Graphing functions can be seen as a way of visually representing the behavior and patterns that a function follows over a specific interval. In the exercise above, we are tasked with plotting the function \(y = 3\sin x - \cos x\) over the interval \(0 \leq x \leq 2\pi\). To do this, we start by determining the values of \(y\) at certain key points within this interval, such as \(x = 0, \frac{\pi}{2}, \pi, \frac{3\pi}{2},\) and \(2\pi\).

These points are often chosen because they represent significant changes in the characteristic behavior of the trigonometric functions \(\sin x\) and \(\cos x\). By calculating these critical values and plotting them on a graph, we get a better picture of how the function behaves across the interval. Once plotted, connecting these points by smooth curves helps to illustrate the continuous nature of trigonometric functions.

• Use key points to plot the function.
• Assess the behavior using intervals of \(0 \leq x \leq 2\pi\).
• Connect the points smoothly to visualize the function.

Sine and cosine are fundamental trigonometric functions that play a crucial role in various mathematical domains, including geometry, physics, and engineering. They are periodic functions that repeat their values in a predictable manner. In the exercise, we deal with \(3\sin x\) and \(-\cos x\), understanding that \(\sin x\) varies from \(-1\) to \(1\) as \(x\) changes from \(0\) to \(2\pi\), while \(\cos x\) operates the same in terms of output range.

In this problem, we apply a multiplier to the \(\sin x\), making it \(3\sin x\). This changes its peak values from \(1\) and \(-1\) to \(3\) and \(-3\), leading to a vertically stretched graph. Meanwhile, \(-\cos x\) flips the cosine graph upside down, affecting its overall appearance but not its amplitude. These alterations are essential in shaping the exact curve of \(y = 3\sin x - \cos x\).

• Sine and cosine have outputs between \(-1\) and \(1\).
• Multipliers affect amplitude, changing peak heights.
• Negative signs can invert the graph direction.

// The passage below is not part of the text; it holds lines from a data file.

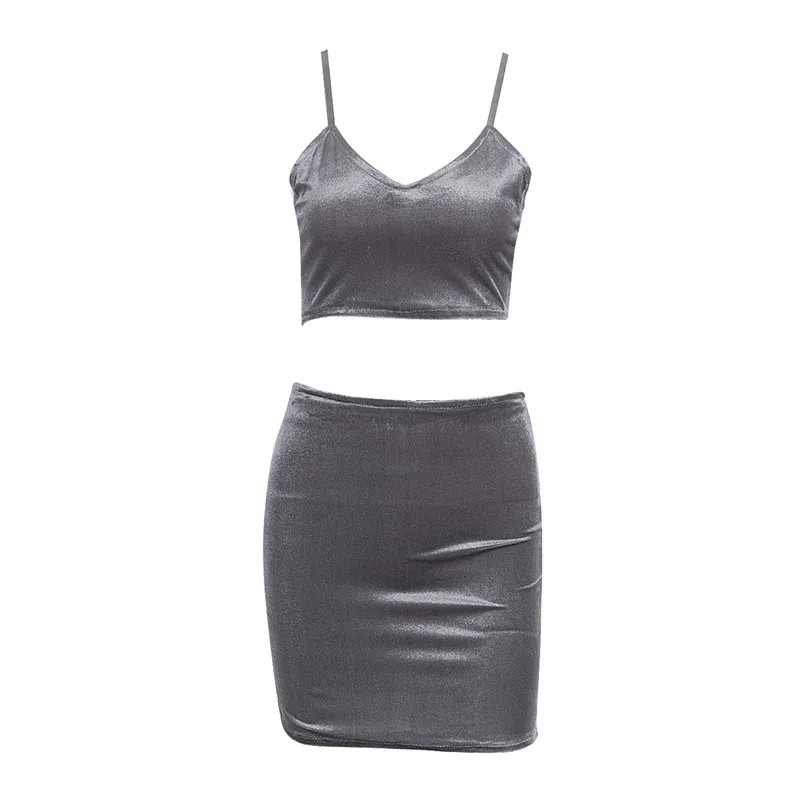Hirigin 2017 женские сексуальные наряды из двух частей велюровый слинг + короткая юбка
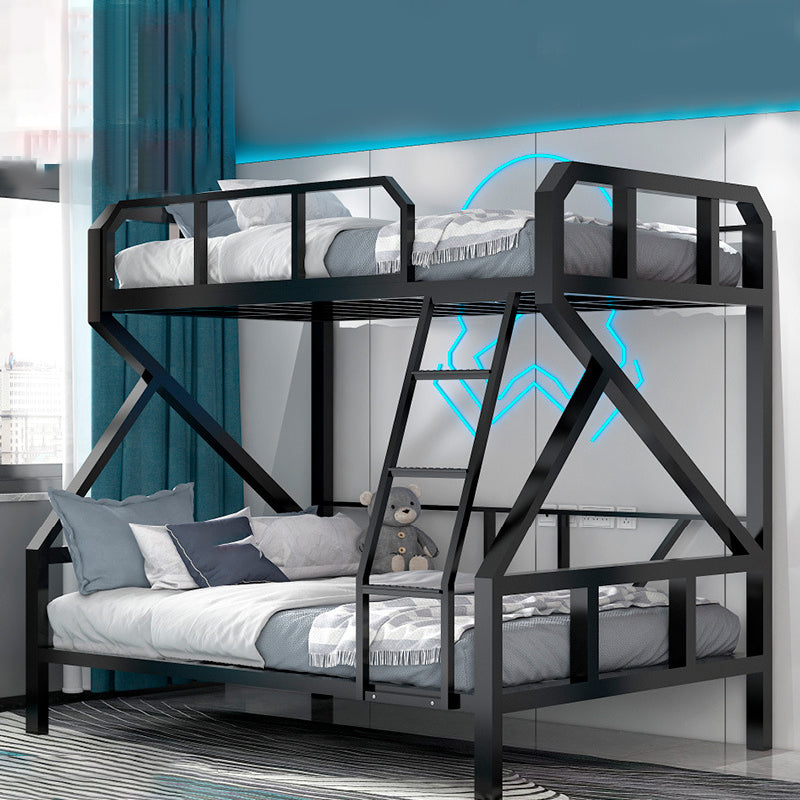 Contemporary Standard Bunk Bed Metal Black Bunk with Guardrail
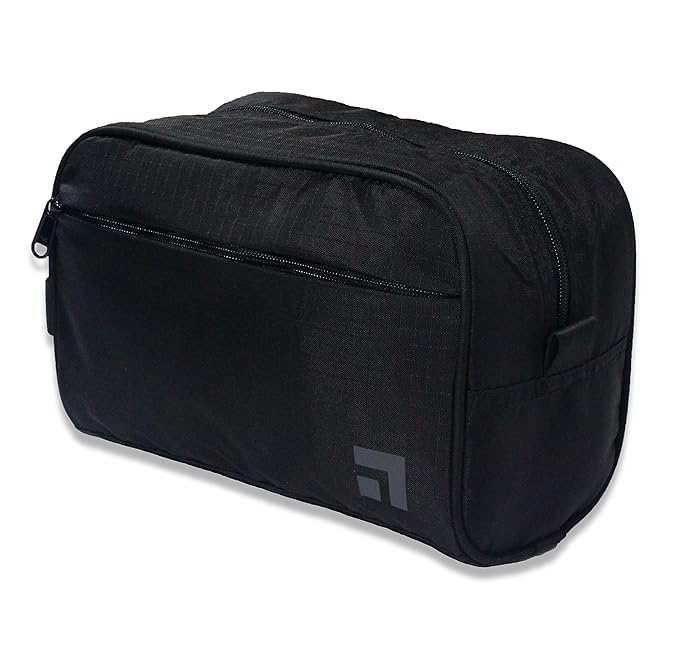 Waterproof Nylon Dopp Kit - Shaving Toiletry Bag Organizer (Black)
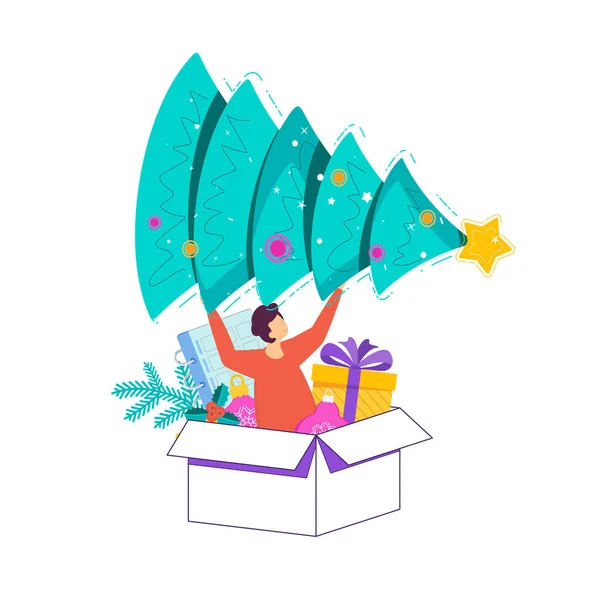 Kleine man springt uit de doos met een kerstboom in zijn handen — Stockvector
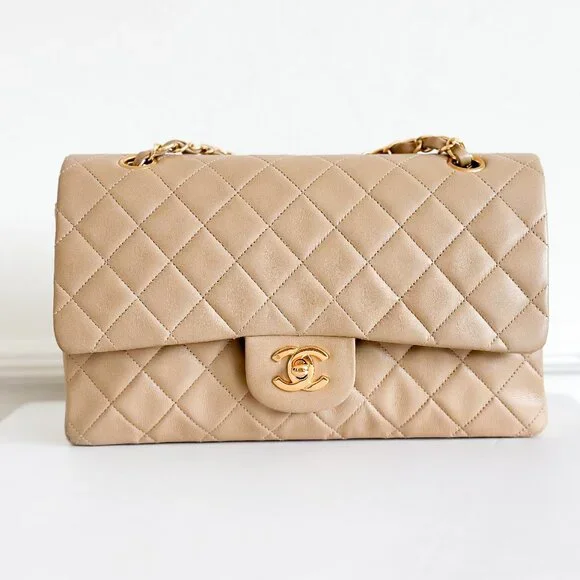 Chanel Double Flap Medium Bag Quilted Lambskin Beige - Picture 2 of 16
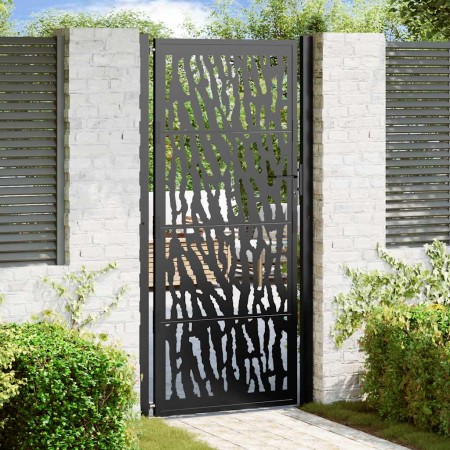 Puerta de jardín de diseño con raíl de acero negro 105x205 cm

The periodic behavior of functions like sine and cosine means they repeat their patterns at regular intervals, known as the period. For both \(\sin x\) and \(\cos x\), the period is \(2\pi\). This indicates that every \(2\pi\) units, the function completes its cycle and starts anew. Understanding this cyclic nature is crucial when summing or modifying these functions as we've done in the exercise.

The result for the given function, \(y = 3\sin x - \cos x\), is a new function that also demonstrates periodic behavior, though its specific properties like peaks, troughs, and zero crossings might vary depending on the coefficients of \(\sin x\) and the transformation applied to \(\cos x\). Recognizing periodic traits aids in predicting the function's behavior beyond the plotted interval. It also helps determine important characteristics like frequency and symmetry.

• Trigonometric functions are periodic with a period of \(2\pi\).
• Periodic functions repeat values regularly.
• Altering these functions maintains the periodicity but may change the details of its cycles.